Today most people have their mobile connectivity running in parallel with their home or office connectivity, including parallel networks for voice, video and data that cost a handsome sum for most people using them. Yet with one of these mobile network hub devices, it's easy to see how all but the most demanding uses for voice, data and video can funnel through a mobile broadband connection that can stay on our desktop or follow us on the go. Our smart phones, our eBook readers, our netbooks, our desktops, our in-home phones and our home entertainment devices can all be brought together on one seamless wifi-based communications medium.
This is likely to accelerate the move in voice communications away from traditional point-to-point circuit networks and towards an era in which voice communications are a feature of integrated voice, data and video services. It also means that we're more likely to overcome some of the global connectivity issues that exist for mobile devices: be it CDMA or GSM networks underlying mobile broadband connectivity, if you're near a hotspot of some origin, you should be able to get voice and data communications. Services such as Skype will certainly prosper in the process, but other services such as Google Voice, which help voice communications to get routed to any number of devices, are also likely to prosper as voice communications become more identity-centered rather than phone number-centered.
The bigger picture, though, is of a world in which inexpensive broadband hub devices can be placed easily in small communities and used to power local communications with both the outside world and with people within the community. Today we're seeing these devices powering personal communications, but I think that the larger potential is for devices that can connect communities with one another first and foremost with a minimum of technology. If you are living in a community in which each person cannot afford a mobile phone, that community may be able to afford collectively one connection to the outside world which is shared with a MiFi-like device that can make its connection available to the community in a reasonable scope, say a kilometer or so. People in that community could then use their mobile devices to communicate with one another and with the world, with very little ongoing cost to any one person beyond the initial cost of their own device. Most importantly, you could set up these local communications networks with or without direct connectivity to the outside world. You could have your own local Web of sorts, perhaps even with services such as Google Wave being used on a federated basis to facilitate content collection, communications and collaboration.

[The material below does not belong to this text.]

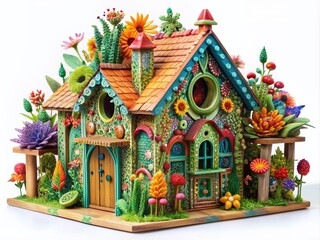 Whimsical, intricately carved wooden game house with vibrant, colorful details, adorned with fantastical flora and fauna, on a pure white background, evoking magical wonder.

In turn, these individual communities could cooperate with other local communities to build "bottom-up" communications networks, developing regional communications systems that may be centered around local languages and dialects, connecting to more commonly used languages found in the "outside world" through a handful of communications access points. Every kilometer or so you could poke a solar-powered hub device into a convenient spot to keep the influence of a particular network growing. All of this would be developed on global communications standards, of course, enabling new ways to connect to the world over time, but regional communications would thrive, with or without help from the "outside world."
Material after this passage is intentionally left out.